With pictures left out, retype exactly the lines from the one containing "1935 Farmall F-12" through the final line of the entries.

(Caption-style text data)
____________
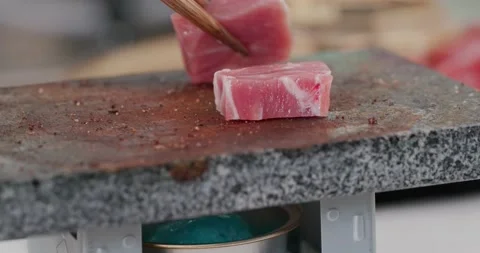 Grill pork on the hot stone Stock Footage 138058951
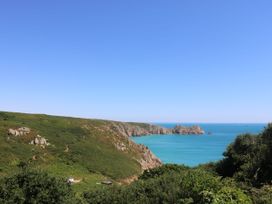 A coastline view with sea and cliffs at Fair View in St Just in Roseland near St Mawes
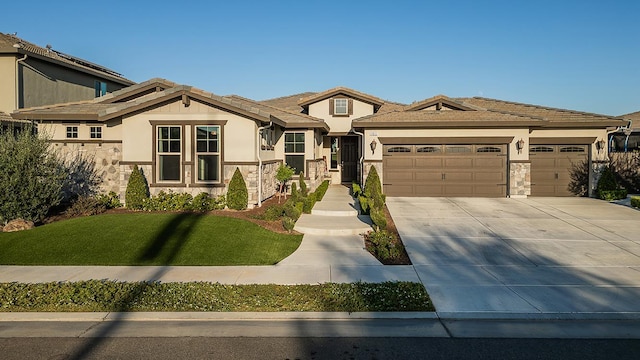 400 Ridge Creek Estates Way, Dinuba, CA 93618 - view of front facade featuring stone siding, a garage, concrete driveway, a front lawn, and stucco siding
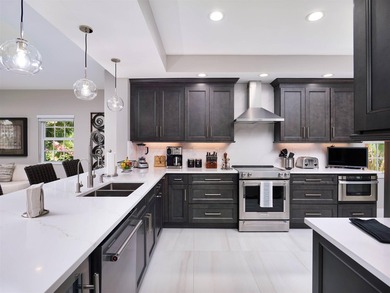 Fully renovated in 2024, this stunning first-floor end-unit on PGA National Golf Club in Florida - for sale on GolfHomes.com, golf home, golf lot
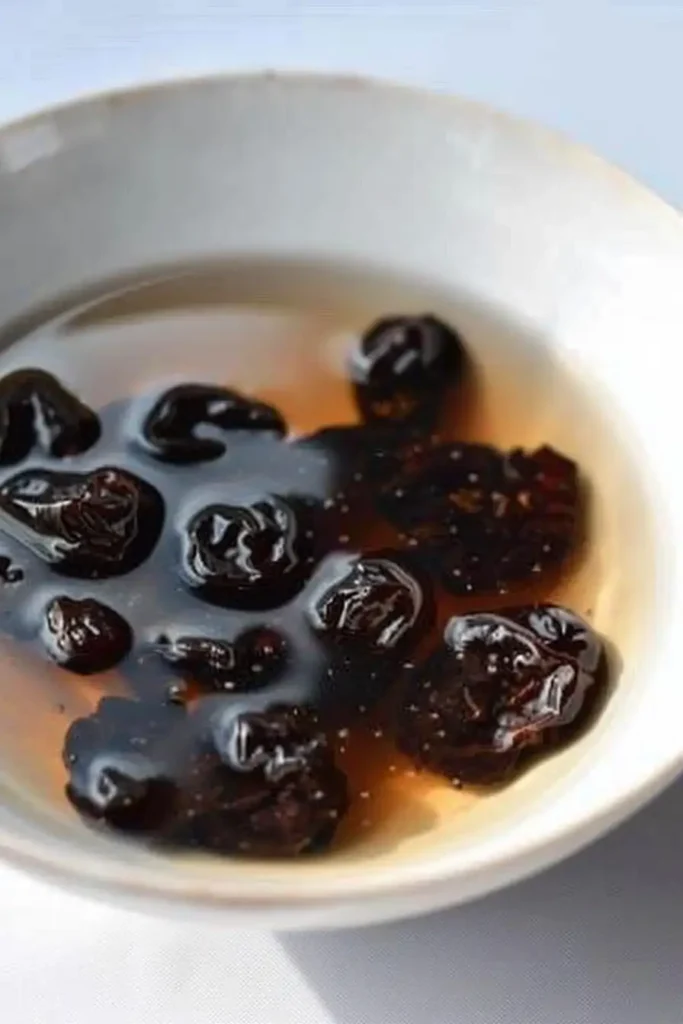 Dried cherries soaking in warm water in a small glass bowl to soften before being added to muffin batter.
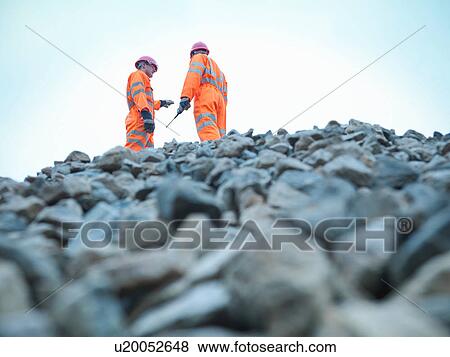 Low angle view of quarryman and assistant standing on stockpile of quarried stone View Large Photo Image Stock Photo - Low angle view of quarryman and assistant standing on stockpile of quarried stone. Fotosearch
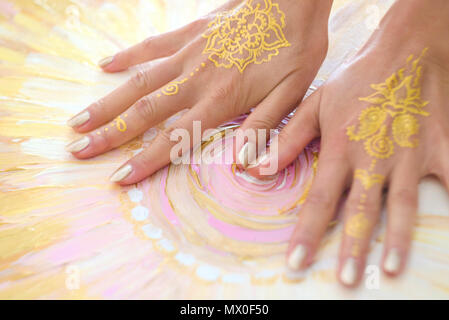 Two open empty Mehndi hands with palms down isolated on painted background. Gold pattern. Art therapy. Stock Photo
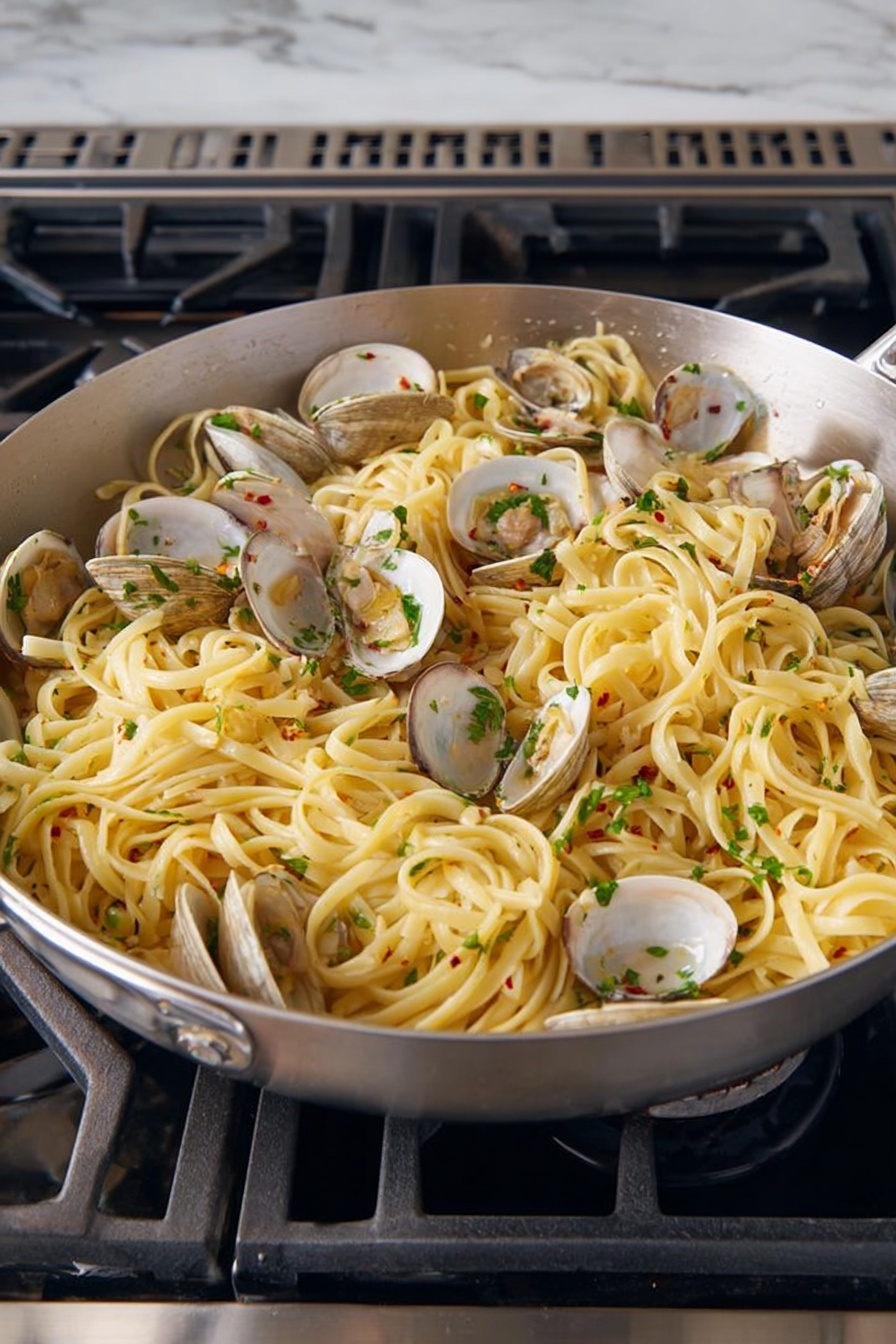 A large silver pan filled with cooked linguine pasta mixed with open clams distributed evenly throughout. The pasta is light yellow, soft and slightly shiny from sauce, with chopped green herbs sprinkled on top for color and freshness. Small bits of garlic and red chili flakes are visible mixed into the pasta, adding texture and flavor. The pan sits on a black stove with metal grates, surrounded by a white marbled surface. photo taken with an iphone --ar 2:3 --v 7 - Linguine with Clams and Lemon, clam linguine recipe, lemon pasta with clams, seafood pasta recipes, easy clam linguine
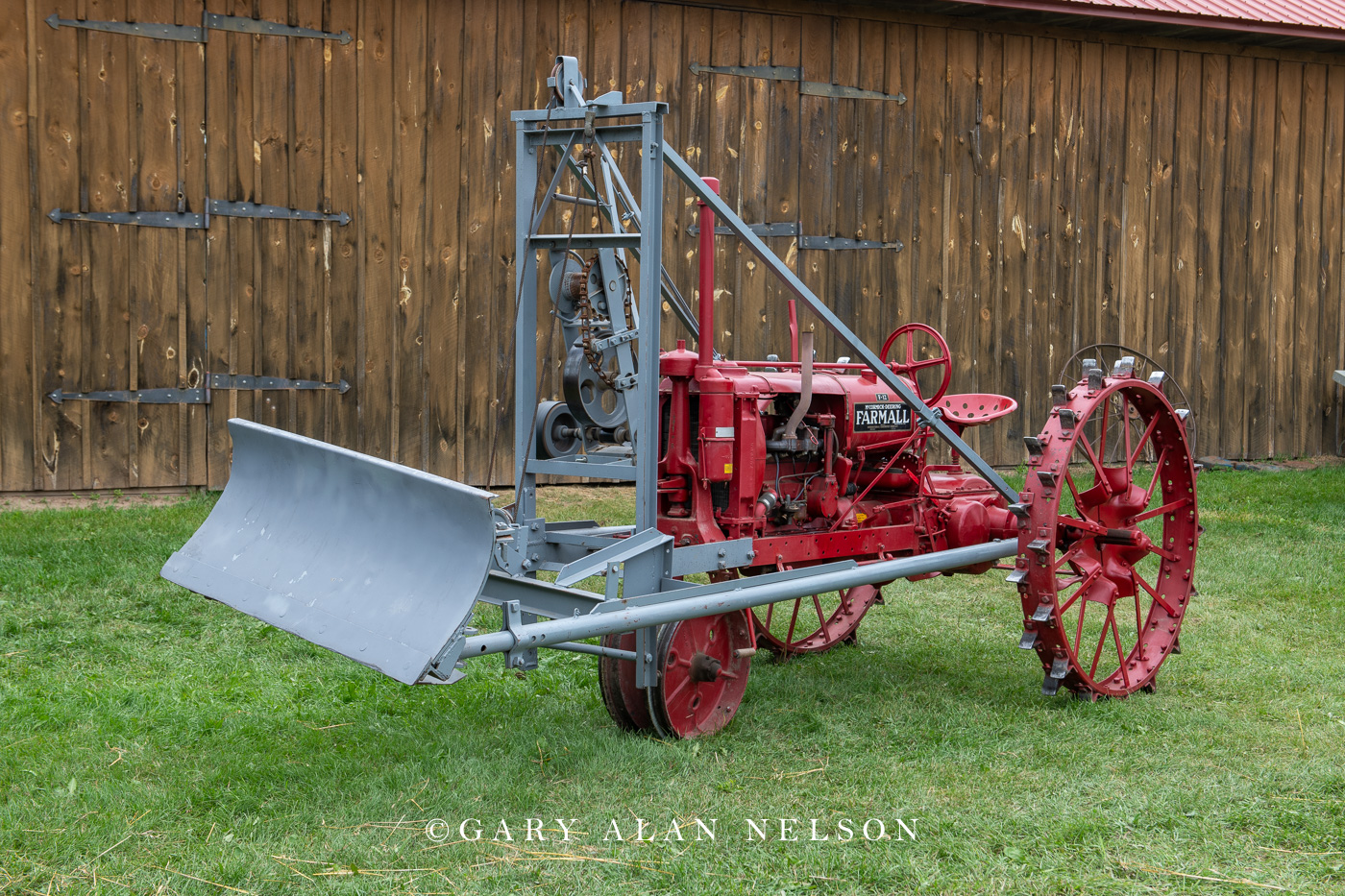 1935 Farmall F-12 with a cable driven loader with dozer blade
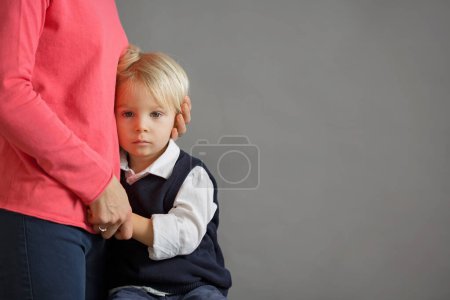 Téléchargez les photos : Triste petit enfant, garçon, embrassant sa mère à la maison, image isolée, espace de copie. Concept de famille - en image libre de droit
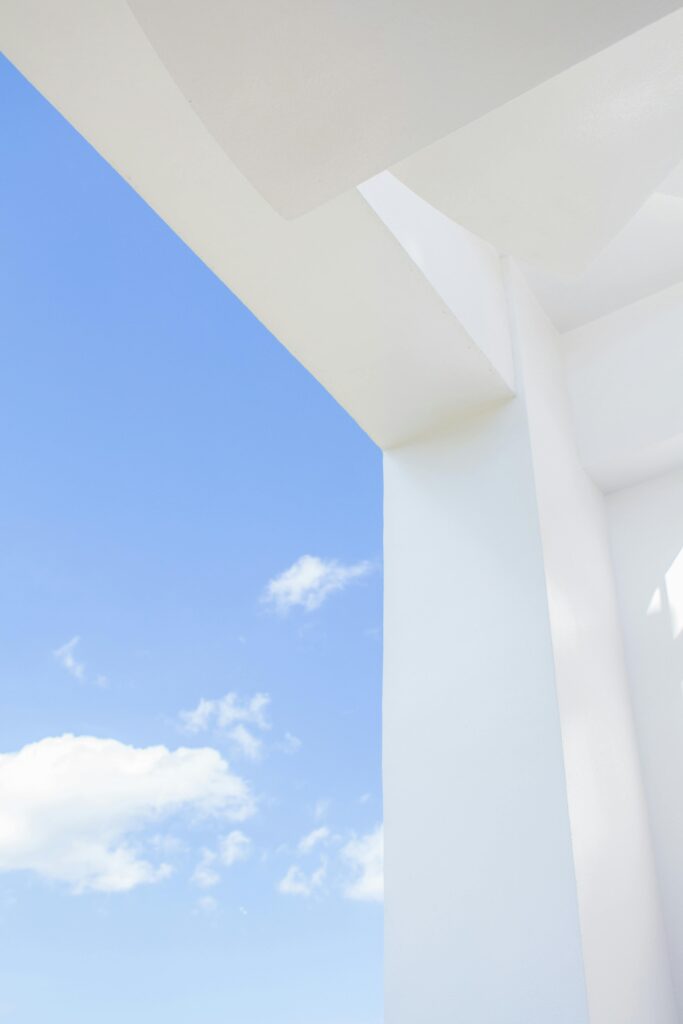 Sleek white structure with blue sky and clouds, showing minimalist architectural design elements.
____________
◆ **Problem solution**:
 1935 Farmall F-12 with a cable driven loader with dozer blade
 Téléchargez les photos : Triste petit enfant, garçon, embrassant sa mère à la maison, image isolée, espace de copie. Concept de famille - en image libre de droit
 Sleek white structure with blue sky and clouds, showing minimalist architectural design elements.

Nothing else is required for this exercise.